Gedenkfeier auf jüdischem Friedhof am Weinberg

Bedrückende Worte und Betroffenheit über geschehenes Unrecht.

Wuppertal. Was am Samstag bei der Kundgebung an der Alten Freiheit, mitten im geschäftlichen Alltag, schwer zu vermitteln war, breitete sich bei der gestrigen Gedenkfeier auf dem Jüdischen Friedhof am Weinberg umso schwerer über den Versammelten aus: Die Betroffenheit über geschehenes Unrecht, das am 9. November 1938 mit der Reichspogromnacht begann.

Hatte vor vielen Jahren die erste Feier zu diesem Anlass keine zwei Dutzend Menschen angesprochen, so fanden sich am gestrigen Sonntag etwa 150 Teilnehmer vor der schlichten Gedenkstätte auf dem Friedhof ein. Leonid Goldberg, Vorsitzender der Jüdischen Kultusgemeinde Wuppertal, begrüßte dabei erstmals auch Vertreter muslimischer Gemeinden und erkannte dies mit großer Erleichterung an. „Wir sind hier in Wuppertal wie auch in Solingen und Remscheid in der glücklichen Lage, dass zwischen jüdischer und muslimischen Gemeinden ein weitaus besseres Verhältnis besteht als in anderen Städten Deutschlands.“

Weitaus kritischer betrachtete Goldberg die überregionalen und internationalen Entwicklungen. Rechte Gewalttaten seien dramatisch angestiegen, die Polizeigewerkschaft rechne mit weiterem Zuwachs. Vor zwei Jahren habe man ebenfalls im November erstmals erfahren, dass unter den Neonazis auch Mörder seien. Es sei ein ständig wachsender Antisemitismus zu verzeichnen, in der islamischen, aber auch in der linken Szene, in der es angeblich für den Kampf um die Menschenrechte gehe.
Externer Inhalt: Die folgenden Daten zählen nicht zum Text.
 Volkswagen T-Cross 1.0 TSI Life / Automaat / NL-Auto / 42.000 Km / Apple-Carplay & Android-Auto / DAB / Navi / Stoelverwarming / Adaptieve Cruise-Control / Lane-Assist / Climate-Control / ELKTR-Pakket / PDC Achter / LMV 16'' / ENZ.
Goldberg bezog sich dabei vor allem auf die Haltung gegenüber dem Staat Israel. Die Europäische Gemeinschaft habe verfügt, das Gütesiegel „made in Israel“ nur noch für Waren zuzulassen, die innerhalb der israelischen Grenzen aus der Zeit vor 1967 gefertigt wurden. Das erinnere ihn an die nationalsozialistische Parole „Kauft nicht bei Juden“.

Überhaupt finde er die Haltung der Europäischen Gemeinschaft gegenüber Israel merkwürdig. Während etwa die Bundesregierung schnell und vernünftig auf den jüdischen Beschneidungsritus reagiert habe, sei der Europarat in dieser Frage nicht besonnen gewesen.

Nach den schweren Worten klarte der Himmel auf, um wie bestellt Sonnenlicht auf die abschließende Kranzniederlegung durchzulassen.